A Biblioteca Pública da Casa da Achada-Centro Mário Dionísio, com mais de 4000 volumes de literatura, arte, filosofia, história, ciência, livros infantis e juvenis, etc. e algumas centenas de publicações periódicas pode ser consultada durante as horas de abertura. Também a Mediateca, que se encontra em formação, pode já ser consultada e verem-se filmes no local ou levá-los para casa, emprestados. Ver Catálogo da Biblioteca Pública e Mediateca. Ver mais informações.
Mediante marcação:
CENTRO DE DOCUMENTAÇÃO
O Centro de Documentação, constituído pelo arquivo Mário Dionísio e pela sua biblioteca e de Maria Letícia Clemente da Silva (mais de 6000 volumes e mais de 200 publicações periódicas) pode ser consultado mediante marcação. Ver Catálogo da Biblioteca do Centro de Documentação.
Programação:
Ciclo À MESA
Sentamo-nos à mesa para o pequeno-almoço à pressa, para o almoço com os olhos no resto do dia, para o jantar de fartura ou de restos. Comemos - ou não comemos - carne e peixe, vegetais e petiscos. De onde vem o que comemos? Porque não comemos todos? Juntamo-nos à volta da mesa, com um copo à frente ou papel e caneta, para conversar e discutir, para imaginar ou desenhar o mundo de amanhã, para pensar no que acontece hoje, para não esquecer o que aconteceu ontem. Quem constrói estas nossas mesas? De madeira, de ferro, de plástico, redondas, quadradas, com três ou quatro pernas, usamo-las para escrever ou desenhar, para trabalhar ou brincar. Para apoiar o cotovelo que segura a cabeça cansada, para nos suportar no dia de trabalho e para o encontro libertador com os nossos companheiros. Há mesas cheias de botões, como as de som e as de costura. Outras cheias de buracos, como as de bilhar. Há mesas de negociações para as quais não somos convidados e mesas de amigos onde somos bem-vindos. Em Julho, Agosto e Setembro, vamos sentar-nos à mesa para pensar sobre ela.

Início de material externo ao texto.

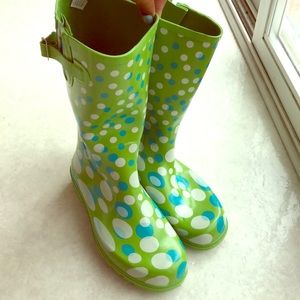 Rain boots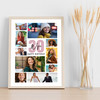 Photo Collage Print Or Canvas 30th Birthday Personalised Gift For Wife 10-Photo
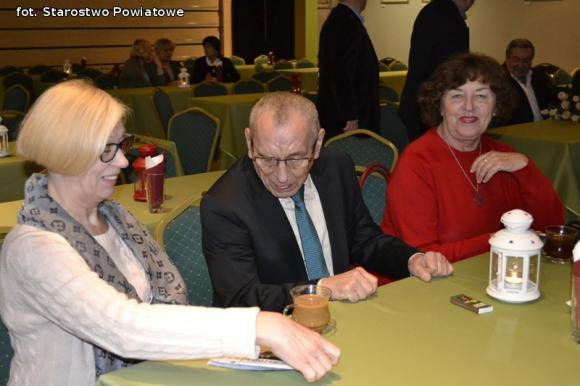 Rzeźbiarz, kolekcjoner Tadeusz Kacalak z Nagrodą Starosty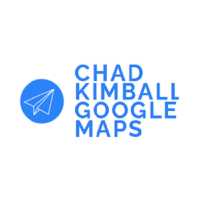 Chad Kimball Maps Logo
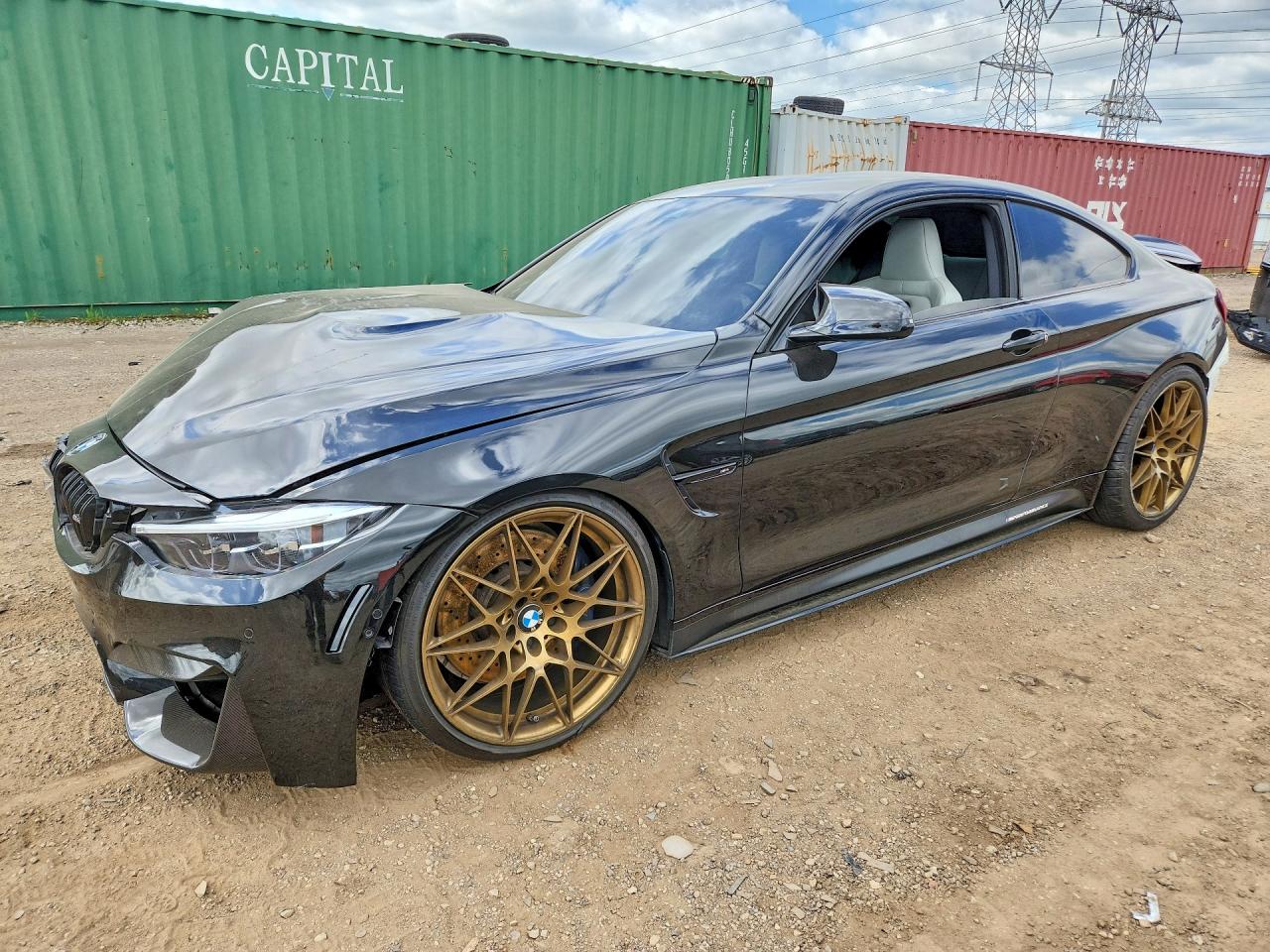 Salvage BMW M Series Image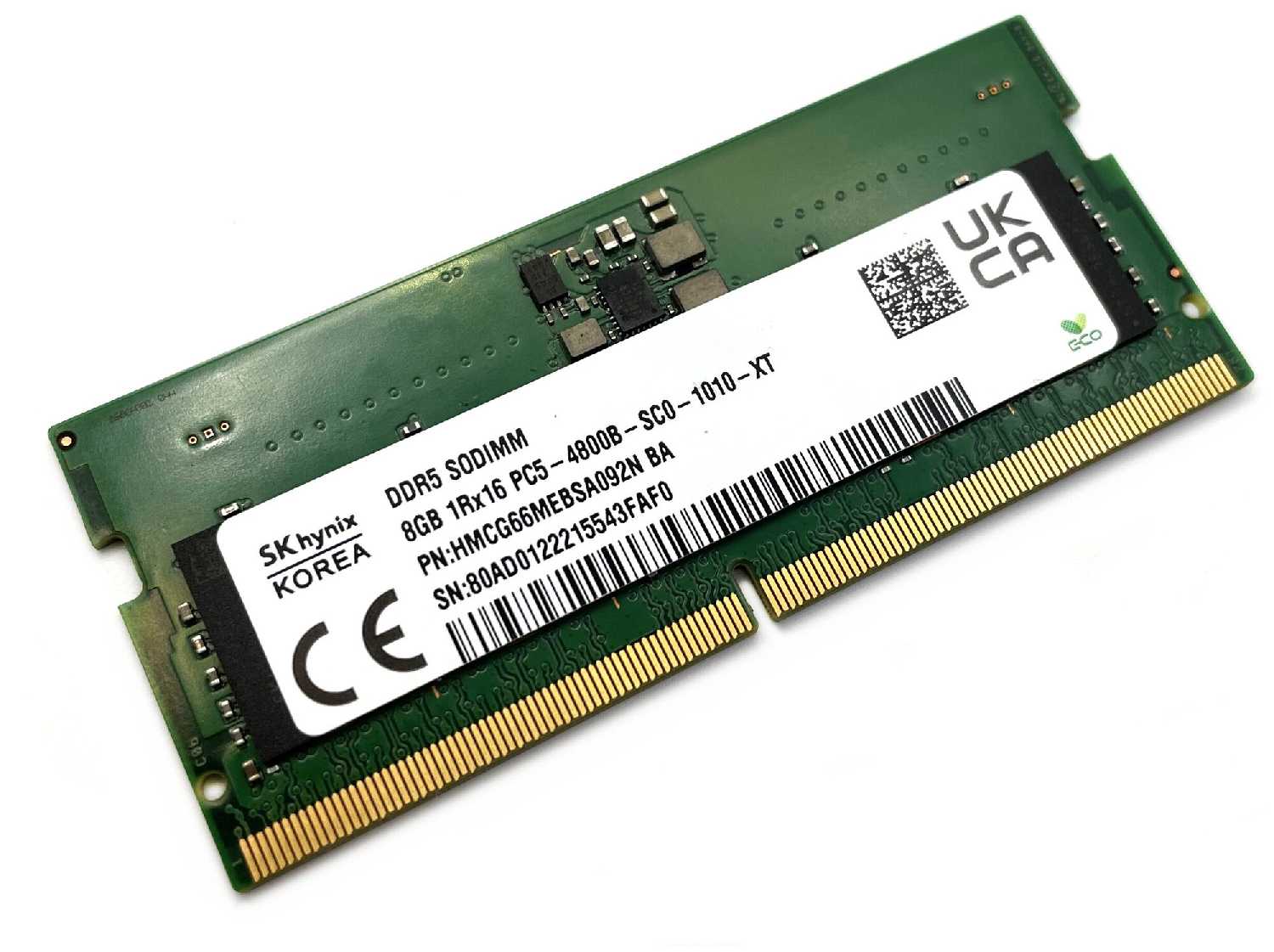 Оперативная память SK Hynix HMCG66MEBSA092N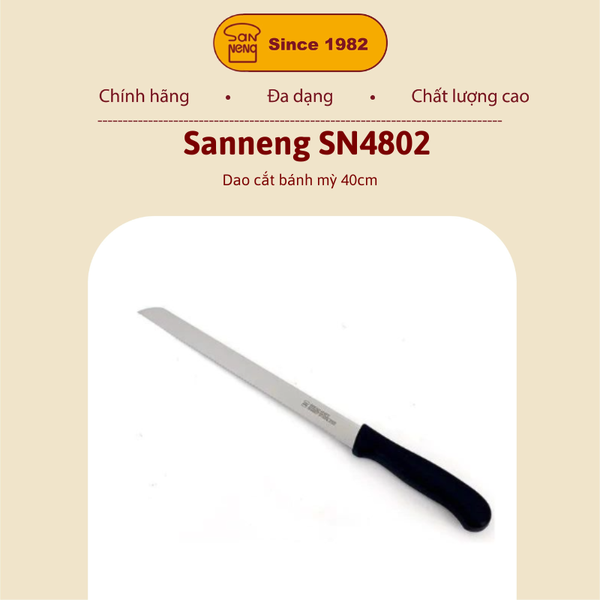 Dao cắt bánh mì răng cưa: Cách chọn dao cắt bánh mì phù hợp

Voltamos, passados quatro anos, à exposição «Mário
Dionísio - Vida e Obra», composta por 13 painéis que abordam as várias
facetas da vida de Mário Dionísio - a infância e juventude, a faculdade,
a escrita e a crítica artística e literária, a militância política, o
ensino, a pintura -, complementados por desenhos e pinturas e por
seis vitrines que reúnem uma pequena amostra de documentos e materiais biográficos pertencentes ao espólio do autor.
Uma exposição importante para conhecer melhor a actividade de Mário
Dionísio, particularmente numa altura em que a participação de muita
gente na vida pública deste país e do mundo é facilmente esquecida.
Servirá também como preparação para o Congresso Internacional Mário
Dionísio, que se realizará em Outubro de 2016, e para o qual estão
abertas inscrições até ao dia 15 de Junho de 2015.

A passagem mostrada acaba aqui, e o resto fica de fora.